===== Extracted information

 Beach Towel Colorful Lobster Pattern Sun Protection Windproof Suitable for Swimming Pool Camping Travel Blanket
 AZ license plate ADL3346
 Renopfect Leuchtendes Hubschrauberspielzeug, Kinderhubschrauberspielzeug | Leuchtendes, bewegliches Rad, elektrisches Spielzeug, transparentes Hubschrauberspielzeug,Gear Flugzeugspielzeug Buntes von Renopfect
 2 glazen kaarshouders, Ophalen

==========
===== Extracted information

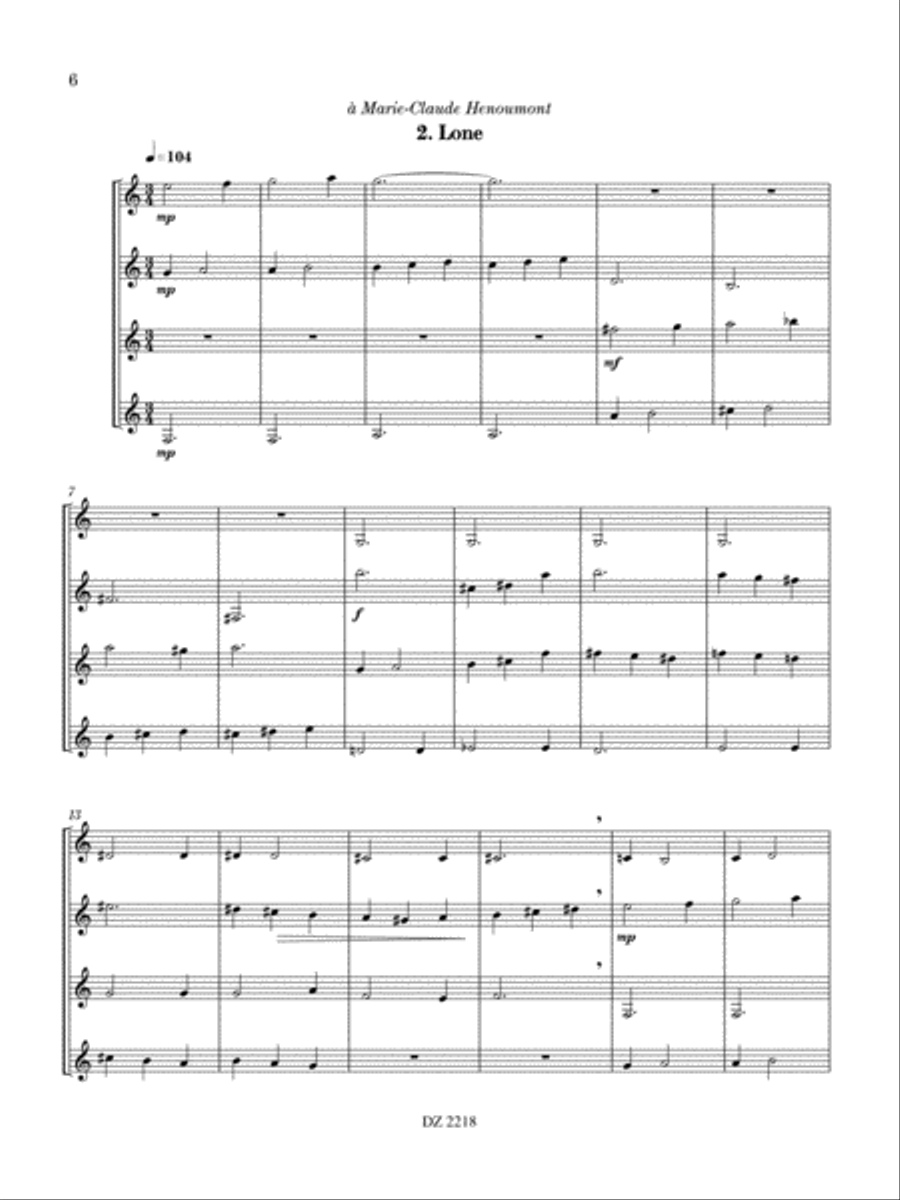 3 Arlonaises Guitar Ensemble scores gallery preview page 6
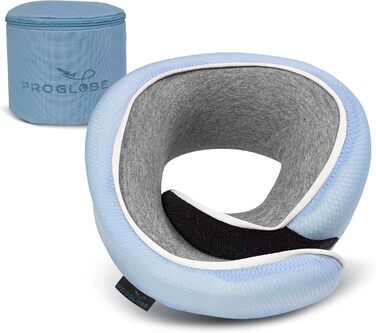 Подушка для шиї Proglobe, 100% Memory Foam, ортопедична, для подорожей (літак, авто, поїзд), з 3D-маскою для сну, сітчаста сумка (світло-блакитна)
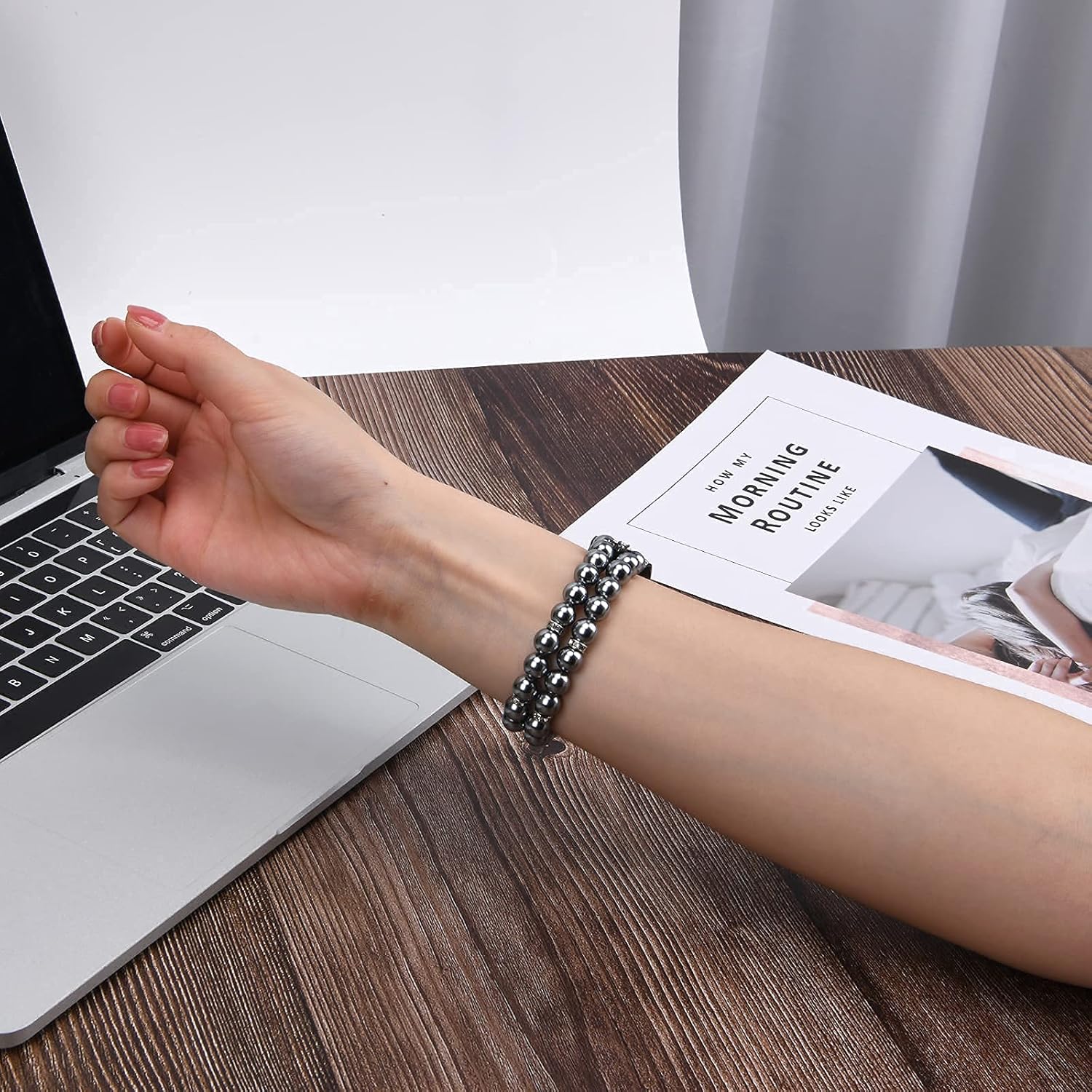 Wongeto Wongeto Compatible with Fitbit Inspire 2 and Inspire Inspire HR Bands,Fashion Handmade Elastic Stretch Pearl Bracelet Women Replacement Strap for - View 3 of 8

==========

Restate word for word every line from the one with "3 Arlonaises Guitar" up to and including the one with "Wongeto Wongeto Compatible" in the records above, minus the pictures.

## [Response area]
 3 Arlonaises Guitar Ensemble scores gallery preview page 6
 Подушка для шиї Proglobe, 100% Memory Foam, ортопедична, для подорожей (літак, авто, поїзд), з 3D-маскою для сну, сітчаста сумка (світло-блакитна)
 Wongeto Wongeto Compatible with Fitbit Inspire 2 and Inspire Inspire HR Bands,Fashion Handmade Elastic Stretch Pearl Bracelet Women Replacement Strap for - View 3 of 8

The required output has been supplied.